原作での物語は、主人公の友人が購入を検討している一軒家の間取り図から始まる。その間取り図には、奇妙な空間がある。出入り口もない窓もない、何にも使われていない、何にも使うことができない壁で囲まれた空間。その空間をキッカケに、間取り図をよく見ると他にも奇妙な点がいくつも浮かび上がってきて、主人公はオカルト好きな不動産の専門家と一緒にその家に隠された謎にのめり込んでいく。というような話。若干ホラーのミステリーだ。

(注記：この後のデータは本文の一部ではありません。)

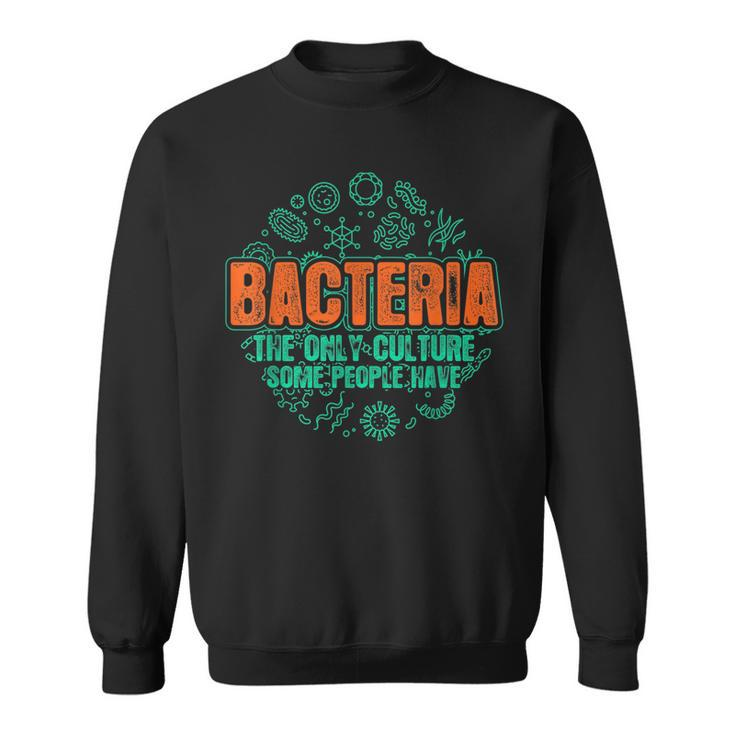 Bacteria The Only Culture Some People Have Biology  Sweatshirt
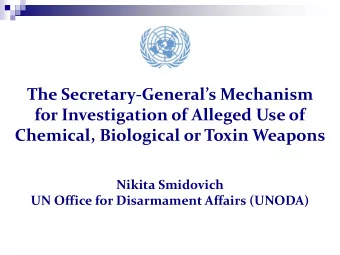 for Investigation of Alleged Use of Chemical, Biological or Toxin Weapons  Nikita Smidovich  UN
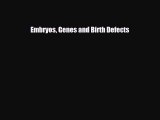 [PDF Download] Embryos Genes and Birth Defects [Read] Full Ebook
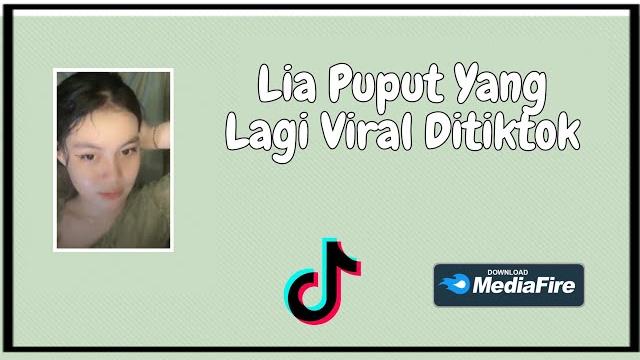 Lia puput yang lagi viral ditiktok Lia puput yang lagi viral ditiktok
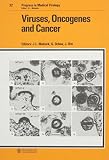 Viruses, oncogenes and cancer : Third International Duran-Reynals Symposium : Viruses, Oncogenes and Cancer, Barcelona, Spain, May 14-17, 1984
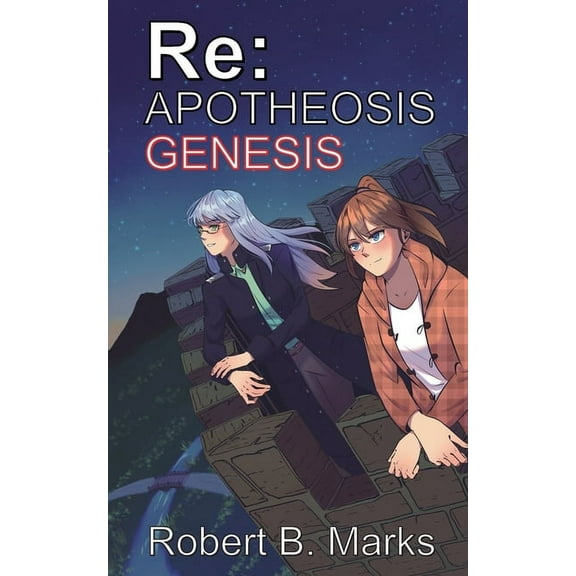 RE: Apotheosis: Re: Apotheosis - Genesis (Paperback)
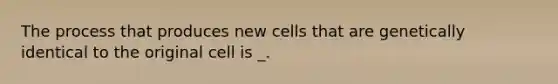 The process that produces new cells that are genetically identical to the original cell is _.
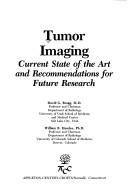 Cover of: Tumor imaging: current state of the art and recommendations for future research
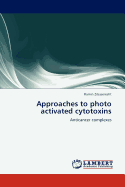 Approaches to Photo Activated Cytotoxins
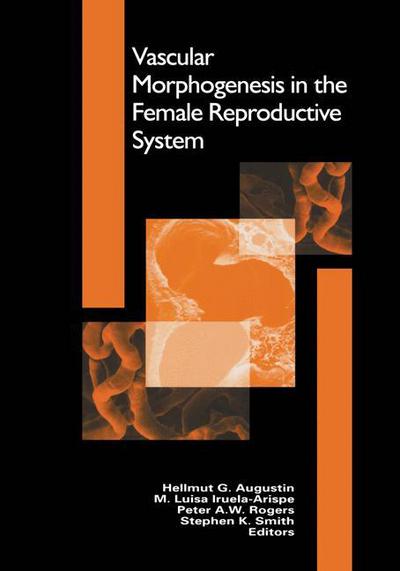 Cover for Hellmut G Augustin · Vascular Morphogenesis in the Female Reproductive System - Cardiovascular Molecular Morphogenesis (Hardcover Book) (2001)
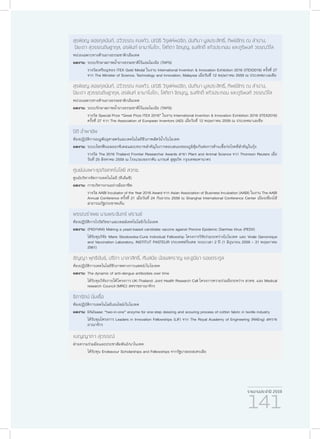 รายงานประจำ�ปี 2559
141
สุรพิชญ ลอยกุลนันท์, ฉวีวรรณ คงแก้ว, ปณิธิ วิรุฬห์พอจิต, นันทินา มูลประสิทธิ์, ทิพย์จักร ณ ลำ�ปาง,
ปิยะดา สุวรรณดิษฐากุล, อรพินท์ ยามาโมโตะ, โสภิตา จิตบุญ, ธงศักดิ์ แก้วประกอบ และภูริพงศ์ วรรณวิไล
หน่วยเฉพาะทางด้านยางธรรมชาติ/เอ็มเทค
ผลงาน:	ระบบรักษาสภาพน้ำ�ยางธรรมชาติไร้แอมโมเนีย (TAPS)
	 รางวัลเหรียญทอง ITEX Gold Medal ในงาน International Invention & Innovation Exhibition 2016 (ITEX2016) ครั้งที่ 27
จาก The Minister of Science, Technology and Innovation, Malaysia เมื่อวันที่ 12 พฤษภาคม 2559 ณ ประเทศมาเลเซีย
สุรพิชญ ลอยกุลนันท์, ฉวีวรรณ คงแก้ว, ปณิธิ วิรุฬห์พอจิต, นันทินา มูลประสิทธิ์, ทิพย์จักร ณ ลำ�ปาง,
ปิยะดา สุวรรณดิษฐากุล, อรพินท์ ยามาโมโตะ, โสภิตา จิตบุญ, ธงศักดิ์ แก้วประกอบ และภูริพงศ์ วรรณวิไล
หน่วยเฉพาะทางด้านยางธรรมชาติ/เอ็มเทค
ผลงาน:	ระบบรักษาสภาพน้ำ�ยางธรรมชาติไร้แอมโมเนีย (TAPS)
	 รางวัล Special Prize “Great Prize ITEX 2016” ในงาน International Invention & Innovation Exhibition 2016 (ITEX2016)
ครั้งที่ 27 จาก The Association of European Inventors (AEI) เมื่อวันที่ 12 พฤษภาคม 2559 ณ ประเทศมาเลเซีย
ปิติ อ่ำ�พายัพ
ห้องปฏิบัติการอณูพันธุศาสตร์และเทคโนโลยีชีวภาพสัตว์น้ำ�/ไบโอเทค
ผลงาน:	ระบบโพรฟีนอลออกซิเดสและบทบาทสำ�คัญในการตอบสนองของภูมิคุ้มกันต่อการต้านเชื้อก่อโรคที่สำ�คัญในกุ้ง
	 รางวัล The 2016 Thailand Frontier Researcher Awards สาขา Plant and Animal Science จาก Thomson Reuters เมื่อ
วันที่ 25 สิงหาคม 2559 ณ โรงแรมเชอราตัน แกรนด์ สุขุมวิท กรุงเทพมหานาคร
ศูนย์บ่มเพาะธุรกิจเทคโนโลยี สวทช.
ศูนย์บริหารจัดการเทคโนโลยี (ทีเอ็มซี)
ผลงาน:	การบริหารงานอย่างมืออาชีพ
	 รางวัล AABI Incubator of the Year 2016 Award จาก Asian Association of Business Incubation (AABI) ในงาน The AABI
Annual Conference ครั้งที่ 21 เมื่อวันที่ 24 กันยายน 2559 ณ Shanghai International Conference Center เมืองเซี่ยงไฮ้
สาธารณรัฐประชาชนจีน
พรรณรำ�เพย นามพระจันทร์ ฟรานซ์
ห้องปฏิบัติการไวรัสวิทยาและเซลล์เทคโนโลยี/ไบโอเทค
ผลงาน:	(PIGYVAX) Making a yeast-based candidate vaccine against Porcine Epidemic Diarrhea Virus (PEDV)
	 ได้รับทุนวิจัย Marie Skodowska-Curie Individual Fellowship โครงการวิจัยร่วมระหว่างไบโอเทค และ Virale Genomique
and Vaccination Laboratory, INSTITUT PASTEUR ประเทศฝรั่งเศส ระยะเวลา 2 ปี (1 มิถุนายน 2559 – 31 พฤษภาคม
2561)
ชัญญา พุทธิขันธ์, ปรีดา มาลาสิทธิ์, ศันสนีย น้อยสคราญ และฐนียา รอยตระกูล
ห้องปฏิบัติการเทคโนโลยีชีวภาพทางการแพทย์/ไบโอเทค
ผลงาน:	The dynamic of anti-dengue antibodies over time
	 ได้รับทุนวิจัยภายใต้โครงการ UK-Thailand: Joint Health Research Call โครงการความร่วมมือระหว่าง สวทช. และ Medical
research Council (MRC) สหราชอาณาจักร
ธิดารัตน์ นิ่มเชื้อ
ห้องปฏิบัติการเทคโนโลยีเอนไซม์/ไบโอเทค
ผลงาน:	ENZease: “two-in-one” enzyme for one-step desizing and scouring process of cotton fabric in textile industry
	 ได้รับทุนโครงการ Leaders in Innovation Fellowships (LIF) จาก The Royal Academy of Engineering (RAEng) สหราช
อาณาจักร
เบญญาภา สุวรรณ์
ฝ่ายความร่วมมือและประชาสัมพันธ์/นาโนเทค
	 ได้รับทุน Endeavour Scholarships and Fellowships จากรัฐบาลออสเตรเลีย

共感してもらえるか分からないけれど、間取り図ってなんとなくワクワクする。流石に自分に全く関係のない間取り図を日常的に眺めたりはしないけれど、例えば引越しの時とか、色んな間取り図を眺めるのってすごく楽しい。それに友達の引越し先のそれや、今住んでいる家のそれを見せてもらうのも結構好きだ。勝手に「ここにこれを置いて」とか、「この部屋はこうやって使って」とか想像するのが楽しいのだ。だから”変な家”の原作を読んだ時も、間取り図を起点にどんどん薄気味悪い想像が膨らんできて(膨らませるような描き方で)、なかなかに面白く読ませてもらった。

とはいえ、僕が漫画を読んだ時はまだ完結しておらず、想像をいっぱいに膨らませられた状態で、to be continuedだった。それはそれでなんとなく心地よかったけれども。そんなこんなで僕は今回の映画でやっと、数年ぶりにその想像に対する答えを得ることとなった。